宿に着くと、暖かくて靴と靴下を履く必要が無くなったので、中国に入って以降しばらくバックパックの底に眠っていたサンダルを取り出して、再びTシャツ・短パン、サンダル履きの典型的バックパッカーの出で立ちになった。
宿は空港の北、街の中心部からは外れた住宅地の奥まった一角にある白人宿で、インドの、しかもムンバイのような大都会にしては、閑静な場所にあった。
「さ、後はフリーだよ。自由にエンジョイしてくれ」
必要書類を書くと、宿のスタッフは笑顔でそう言った。
私は、地図を見ながら、現在地と行きたい場所の位置関係を確かめてみた。ゲートウェイ・オブ・インディア、フローラの泉、カフェ・レオポルド、ヴィクトリアスターミナル駅、ガンディーの住まいetc…。すると、こうした場所は意外に遠いことがわかった。こうした地点のほとんどはおもにムンバイが所在する半島の最南端、フォート地区と呼ばれる一角にあり、空港の北にある宿からは直線距離にしておよそ20kmも離れているのである。インド亜大陸は大きいので、地図でちょっと見るとそんなに遠くないように錯覚するが、まったく違う…。タクシーなど使ったら、悪辣なドライバーにとんでもない額を請求されて揉めるに決まっている。
そこで「ねえ、フォート地区まで、どう行ったらいいかな」とスタッフに聞いてみると、
「そうだな。ここからなら、リクシャーでアンドヘーリ駅まで行って、列車でチャーチゲート駅まで行けばいいよ」
という答えが返って来たので、宿でしばらく休憩した後、私はそれに従ってフォート地区を目指してみることにした。
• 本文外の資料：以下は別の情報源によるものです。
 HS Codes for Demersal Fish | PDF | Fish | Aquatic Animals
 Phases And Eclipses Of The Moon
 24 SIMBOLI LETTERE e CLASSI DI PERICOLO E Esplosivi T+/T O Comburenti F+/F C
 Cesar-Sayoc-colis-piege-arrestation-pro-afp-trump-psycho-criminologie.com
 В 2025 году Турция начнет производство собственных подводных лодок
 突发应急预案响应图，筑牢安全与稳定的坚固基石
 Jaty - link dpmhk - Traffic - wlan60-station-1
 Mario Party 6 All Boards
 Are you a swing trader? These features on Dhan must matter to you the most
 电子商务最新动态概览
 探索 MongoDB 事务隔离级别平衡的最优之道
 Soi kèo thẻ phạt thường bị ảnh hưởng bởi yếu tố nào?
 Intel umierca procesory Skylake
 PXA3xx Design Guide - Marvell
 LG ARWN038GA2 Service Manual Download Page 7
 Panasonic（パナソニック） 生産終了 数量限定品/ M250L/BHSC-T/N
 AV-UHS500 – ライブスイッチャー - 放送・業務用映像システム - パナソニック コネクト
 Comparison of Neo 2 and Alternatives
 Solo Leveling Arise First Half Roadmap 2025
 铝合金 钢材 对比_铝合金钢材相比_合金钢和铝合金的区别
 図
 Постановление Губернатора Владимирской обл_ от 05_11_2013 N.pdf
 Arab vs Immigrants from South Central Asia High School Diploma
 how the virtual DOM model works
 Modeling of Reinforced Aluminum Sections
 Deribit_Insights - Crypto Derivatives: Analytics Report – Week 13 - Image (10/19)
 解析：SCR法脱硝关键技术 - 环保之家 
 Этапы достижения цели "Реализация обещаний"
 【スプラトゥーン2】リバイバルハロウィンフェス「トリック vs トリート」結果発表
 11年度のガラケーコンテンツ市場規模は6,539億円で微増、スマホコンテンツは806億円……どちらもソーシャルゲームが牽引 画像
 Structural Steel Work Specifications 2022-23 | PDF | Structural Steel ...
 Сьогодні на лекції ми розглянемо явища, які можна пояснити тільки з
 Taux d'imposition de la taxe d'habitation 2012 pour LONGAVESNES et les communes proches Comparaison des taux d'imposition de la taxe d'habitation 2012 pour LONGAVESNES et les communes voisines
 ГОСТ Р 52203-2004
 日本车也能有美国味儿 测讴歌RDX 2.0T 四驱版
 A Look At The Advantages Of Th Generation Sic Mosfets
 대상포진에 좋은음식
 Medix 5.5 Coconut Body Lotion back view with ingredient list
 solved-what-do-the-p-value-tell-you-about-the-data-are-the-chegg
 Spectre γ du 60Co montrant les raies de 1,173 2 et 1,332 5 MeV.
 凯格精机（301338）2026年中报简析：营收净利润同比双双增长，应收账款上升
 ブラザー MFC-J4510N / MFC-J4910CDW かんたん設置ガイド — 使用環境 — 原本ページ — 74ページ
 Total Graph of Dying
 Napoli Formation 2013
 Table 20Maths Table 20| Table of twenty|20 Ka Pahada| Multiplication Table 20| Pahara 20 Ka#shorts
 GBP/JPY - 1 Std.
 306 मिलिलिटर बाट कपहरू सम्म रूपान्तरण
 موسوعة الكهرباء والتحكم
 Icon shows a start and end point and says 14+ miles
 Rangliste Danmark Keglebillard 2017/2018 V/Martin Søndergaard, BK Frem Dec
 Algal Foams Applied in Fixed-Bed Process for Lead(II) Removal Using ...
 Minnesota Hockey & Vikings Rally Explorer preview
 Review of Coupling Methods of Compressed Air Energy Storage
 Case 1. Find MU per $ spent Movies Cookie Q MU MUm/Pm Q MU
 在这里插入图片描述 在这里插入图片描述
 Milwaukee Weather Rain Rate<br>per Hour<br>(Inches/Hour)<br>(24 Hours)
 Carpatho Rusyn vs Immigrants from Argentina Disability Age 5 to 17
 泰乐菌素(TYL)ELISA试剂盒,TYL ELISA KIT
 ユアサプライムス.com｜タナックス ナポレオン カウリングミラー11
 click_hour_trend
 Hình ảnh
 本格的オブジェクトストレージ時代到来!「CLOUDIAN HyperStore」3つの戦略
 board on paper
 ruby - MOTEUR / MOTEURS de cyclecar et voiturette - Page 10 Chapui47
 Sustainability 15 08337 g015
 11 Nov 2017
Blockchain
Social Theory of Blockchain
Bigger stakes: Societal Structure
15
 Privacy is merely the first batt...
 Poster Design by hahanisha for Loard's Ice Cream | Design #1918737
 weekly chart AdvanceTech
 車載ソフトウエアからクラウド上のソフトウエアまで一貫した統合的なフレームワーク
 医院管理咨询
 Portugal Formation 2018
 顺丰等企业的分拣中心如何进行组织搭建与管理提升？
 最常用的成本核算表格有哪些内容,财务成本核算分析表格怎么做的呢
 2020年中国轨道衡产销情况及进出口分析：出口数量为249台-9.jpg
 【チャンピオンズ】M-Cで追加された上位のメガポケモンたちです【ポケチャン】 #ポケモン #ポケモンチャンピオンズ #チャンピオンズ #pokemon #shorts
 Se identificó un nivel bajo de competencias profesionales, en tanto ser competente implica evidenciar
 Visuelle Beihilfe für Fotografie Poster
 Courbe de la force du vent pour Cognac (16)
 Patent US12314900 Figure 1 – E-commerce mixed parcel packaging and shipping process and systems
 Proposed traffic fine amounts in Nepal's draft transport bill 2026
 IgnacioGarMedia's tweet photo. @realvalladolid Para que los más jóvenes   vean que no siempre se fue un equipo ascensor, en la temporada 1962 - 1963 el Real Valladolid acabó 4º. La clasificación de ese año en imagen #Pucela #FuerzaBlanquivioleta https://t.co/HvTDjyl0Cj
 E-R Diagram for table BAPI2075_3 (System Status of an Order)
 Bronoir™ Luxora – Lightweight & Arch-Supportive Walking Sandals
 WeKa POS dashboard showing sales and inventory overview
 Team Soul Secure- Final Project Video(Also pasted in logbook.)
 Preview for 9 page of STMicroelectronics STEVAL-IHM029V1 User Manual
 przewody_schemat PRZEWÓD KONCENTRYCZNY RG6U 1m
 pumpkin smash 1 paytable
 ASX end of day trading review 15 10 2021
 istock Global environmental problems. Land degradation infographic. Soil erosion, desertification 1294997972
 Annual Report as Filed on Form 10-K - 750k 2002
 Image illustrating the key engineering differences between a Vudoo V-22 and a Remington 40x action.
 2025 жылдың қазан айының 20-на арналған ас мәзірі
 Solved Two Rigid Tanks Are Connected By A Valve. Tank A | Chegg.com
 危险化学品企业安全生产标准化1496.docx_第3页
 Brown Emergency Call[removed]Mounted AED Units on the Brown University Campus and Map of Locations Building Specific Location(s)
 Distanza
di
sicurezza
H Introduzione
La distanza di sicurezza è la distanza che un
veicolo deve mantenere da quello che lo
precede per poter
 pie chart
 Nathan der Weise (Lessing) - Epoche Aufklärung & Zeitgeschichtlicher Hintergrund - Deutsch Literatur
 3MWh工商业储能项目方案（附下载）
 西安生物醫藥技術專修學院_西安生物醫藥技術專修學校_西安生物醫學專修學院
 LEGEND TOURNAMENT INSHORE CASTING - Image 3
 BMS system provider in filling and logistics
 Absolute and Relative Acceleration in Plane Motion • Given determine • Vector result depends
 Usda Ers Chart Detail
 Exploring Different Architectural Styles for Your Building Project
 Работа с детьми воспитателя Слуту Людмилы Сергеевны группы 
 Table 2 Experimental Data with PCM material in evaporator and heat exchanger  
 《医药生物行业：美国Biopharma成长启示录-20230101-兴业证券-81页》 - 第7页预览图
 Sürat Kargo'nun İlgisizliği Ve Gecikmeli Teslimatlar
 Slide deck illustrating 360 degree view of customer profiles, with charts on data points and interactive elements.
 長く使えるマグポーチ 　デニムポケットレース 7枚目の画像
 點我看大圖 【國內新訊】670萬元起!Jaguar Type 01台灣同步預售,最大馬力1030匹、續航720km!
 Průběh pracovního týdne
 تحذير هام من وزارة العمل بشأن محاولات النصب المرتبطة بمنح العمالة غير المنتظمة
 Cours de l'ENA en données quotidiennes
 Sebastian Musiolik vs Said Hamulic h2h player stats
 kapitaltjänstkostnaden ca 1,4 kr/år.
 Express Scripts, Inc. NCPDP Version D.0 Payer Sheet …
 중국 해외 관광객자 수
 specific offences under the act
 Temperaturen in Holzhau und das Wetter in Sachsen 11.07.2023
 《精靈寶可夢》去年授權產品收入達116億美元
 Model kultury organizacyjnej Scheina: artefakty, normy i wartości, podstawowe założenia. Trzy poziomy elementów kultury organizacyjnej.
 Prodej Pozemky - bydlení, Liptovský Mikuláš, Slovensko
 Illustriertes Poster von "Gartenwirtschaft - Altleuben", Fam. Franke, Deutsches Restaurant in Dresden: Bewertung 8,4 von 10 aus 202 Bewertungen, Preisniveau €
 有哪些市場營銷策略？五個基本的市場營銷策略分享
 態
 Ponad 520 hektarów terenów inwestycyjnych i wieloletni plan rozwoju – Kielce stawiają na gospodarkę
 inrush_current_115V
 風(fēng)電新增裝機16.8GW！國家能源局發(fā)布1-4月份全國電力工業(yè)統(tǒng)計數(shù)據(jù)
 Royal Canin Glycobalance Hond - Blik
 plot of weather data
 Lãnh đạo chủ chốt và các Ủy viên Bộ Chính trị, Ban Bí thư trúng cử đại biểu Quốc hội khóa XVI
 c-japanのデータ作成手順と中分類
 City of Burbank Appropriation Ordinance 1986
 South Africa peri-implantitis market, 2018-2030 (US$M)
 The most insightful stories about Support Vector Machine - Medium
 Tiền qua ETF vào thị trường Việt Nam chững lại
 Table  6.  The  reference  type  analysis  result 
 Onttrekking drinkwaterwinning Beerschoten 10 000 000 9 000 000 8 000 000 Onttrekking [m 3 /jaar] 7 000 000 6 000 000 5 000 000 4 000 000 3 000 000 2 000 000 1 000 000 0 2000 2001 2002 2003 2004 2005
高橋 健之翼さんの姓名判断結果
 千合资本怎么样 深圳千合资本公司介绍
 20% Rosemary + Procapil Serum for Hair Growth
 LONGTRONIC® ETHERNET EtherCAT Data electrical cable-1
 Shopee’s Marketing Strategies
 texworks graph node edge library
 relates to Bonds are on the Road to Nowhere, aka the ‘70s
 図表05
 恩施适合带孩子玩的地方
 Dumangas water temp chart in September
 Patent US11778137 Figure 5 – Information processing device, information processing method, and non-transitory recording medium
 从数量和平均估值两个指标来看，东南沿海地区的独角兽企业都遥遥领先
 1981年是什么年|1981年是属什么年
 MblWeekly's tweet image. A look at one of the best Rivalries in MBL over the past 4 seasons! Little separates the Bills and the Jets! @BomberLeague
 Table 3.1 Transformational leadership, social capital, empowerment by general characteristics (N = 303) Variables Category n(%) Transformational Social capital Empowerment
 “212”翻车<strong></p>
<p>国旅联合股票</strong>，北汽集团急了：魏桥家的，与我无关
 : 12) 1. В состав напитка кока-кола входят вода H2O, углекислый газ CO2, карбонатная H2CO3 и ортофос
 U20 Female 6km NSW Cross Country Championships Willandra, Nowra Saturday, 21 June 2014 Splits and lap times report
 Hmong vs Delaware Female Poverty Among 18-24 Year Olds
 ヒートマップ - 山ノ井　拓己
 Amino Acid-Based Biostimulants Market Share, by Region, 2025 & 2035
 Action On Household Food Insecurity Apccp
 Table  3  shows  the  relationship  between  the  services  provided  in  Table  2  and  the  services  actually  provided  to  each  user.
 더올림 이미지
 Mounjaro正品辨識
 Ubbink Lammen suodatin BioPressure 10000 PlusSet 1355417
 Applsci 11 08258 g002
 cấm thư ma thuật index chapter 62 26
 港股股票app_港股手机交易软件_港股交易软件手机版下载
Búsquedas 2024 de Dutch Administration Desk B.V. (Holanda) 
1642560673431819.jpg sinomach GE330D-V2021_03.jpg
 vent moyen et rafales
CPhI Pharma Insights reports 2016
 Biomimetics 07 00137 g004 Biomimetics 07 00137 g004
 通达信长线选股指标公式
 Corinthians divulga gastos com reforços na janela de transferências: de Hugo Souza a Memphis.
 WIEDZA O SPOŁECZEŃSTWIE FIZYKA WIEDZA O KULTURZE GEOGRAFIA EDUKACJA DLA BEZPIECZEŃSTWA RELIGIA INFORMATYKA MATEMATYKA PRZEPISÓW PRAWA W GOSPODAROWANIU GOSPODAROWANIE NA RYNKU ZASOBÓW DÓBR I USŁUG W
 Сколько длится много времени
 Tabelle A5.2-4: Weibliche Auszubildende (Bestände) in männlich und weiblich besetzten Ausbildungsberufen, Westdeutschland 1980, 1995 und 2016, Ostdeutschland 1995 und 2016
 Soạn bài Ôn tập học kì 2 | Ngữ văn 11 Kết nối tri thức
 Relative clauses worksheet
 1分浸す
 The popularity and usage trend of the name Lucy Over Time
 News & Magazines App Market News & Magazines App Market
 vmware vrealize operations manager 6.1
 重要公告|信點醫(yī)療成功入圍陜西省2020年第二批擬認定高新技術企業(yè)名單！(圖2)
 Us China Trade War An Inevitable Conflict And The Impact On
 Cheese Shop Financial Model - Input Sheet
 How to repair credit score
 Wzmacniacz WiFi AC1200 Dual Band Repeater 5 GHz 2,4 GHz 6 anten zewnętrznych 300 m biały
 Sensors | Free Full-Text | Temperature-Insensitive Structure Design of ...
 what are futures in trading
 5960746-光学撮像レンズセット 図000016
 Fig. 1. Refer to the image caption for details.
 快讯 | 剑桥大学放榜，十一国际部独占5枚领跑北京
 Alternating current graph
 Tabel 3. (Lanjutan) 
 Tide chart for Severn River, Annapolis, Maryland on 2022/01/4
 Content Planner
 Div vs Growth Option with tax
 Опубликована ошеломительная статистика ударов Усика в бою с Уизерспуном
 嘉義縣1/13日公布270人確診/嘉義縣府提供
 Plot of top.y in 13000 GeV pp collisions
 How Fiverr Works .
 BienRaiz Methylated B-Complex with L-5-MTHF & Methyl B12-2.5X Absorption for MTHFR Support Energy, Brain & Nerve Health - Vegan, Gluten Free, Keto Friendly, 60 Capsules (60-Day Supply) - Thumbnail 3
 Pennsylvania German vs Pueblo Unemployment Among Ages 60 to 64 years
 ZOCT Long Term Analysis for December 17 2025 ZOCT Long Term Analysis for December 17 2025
オートリクシャーは、その名の通りオートバイに黒と黄色の配色の客車を取り付けたバイクタクシーの一種で、フィリピンのトライシクルや、タイのトゥクトゥクに相当する乗り物であった。私は大通りに出ると手頃なオートリクシャーを捕まえて、アンドヘーリ駅まで向かうように頼んだ(オートリクシャーにはメーターが付いているものもあったけれど、面倒くさいのかボリたいのか知らないがあまりメーターは使わないらしく、やっぱり交渉制だった。値段はボッタクリというほどでもなかったので問題なかったが)。
「…こ、これは…」
リクシャーに乗って数分して、私はムンバイの交通事情が、アーグラや衝突事故に遭ったジャイプールよりも更にひどいことに気がついた。
大量の自動車やオートリクシャーが、うんうんと唸りをあげながら、車間距離を恐ろしいほど詰めて走っているのだ。距離は1mなんてものではない。50cm、30cm、10cm…右にも左にも前にも後ろにも、手が届く(届きそうなではなく、届く)距離にまで、車が近づいてくる。
にも関わらず、運ちゃん達は勢い良く発進して、ぶつかるかぶつからないか、その限界寸前のところで器用に停まる。まるで、互いにセンサーを装備していて、ぎりぎりの距離で自動的に停止しているかのような、達人級の曲芸だ。
私はというと、そんな芸当に感心するどころか、生命の危険を感じていた。
この連中、何だってこんなに距離を詰めたがるんだ。そりゃあ、ムンバイはとてつもない大都会で、インドは煮えたぎったヤカンの底みたいにものすごく忙しくてアツいところなのかもしれないが、そんなに車間距離詰めることないじゃないか。あんたらの誰か一人がほんのちょっとアクセルかブレーキ踏み損ねただけでぶつかるんだぞ。あんたら本当に免許持ってんの? それともチキンレースみたいに、よりギリギリまで詰めた方が男らしくてカッコいいとか、そういう奇習かなんかあるわけ? どうかしてるんじゃないのか?
フィリピンに居た時も、トライシクルにはよく乗っていたが、その語学学校には夜間のトライシクル禁止という規則があった。
何かあったら向こうの大学の責任になるだろうから仕方ないのだろうけど、心配性だなまったく、別に危なくなんかないのに、などとその頃は内心思っていたわけだが、これはそんなレベルではなかった。ここに語学学校があったとして、オートリクシャー禁止の規則があったとしても私は何の疑問も抱かないと思う。
正直、ものすごく怖い。
私は、真面目に手の届く距離まで接近したり、急発進したり急停車したりするオートリクシャーの中で、ビクビクしながらひたすらぶつかりませんようにと祈っていた。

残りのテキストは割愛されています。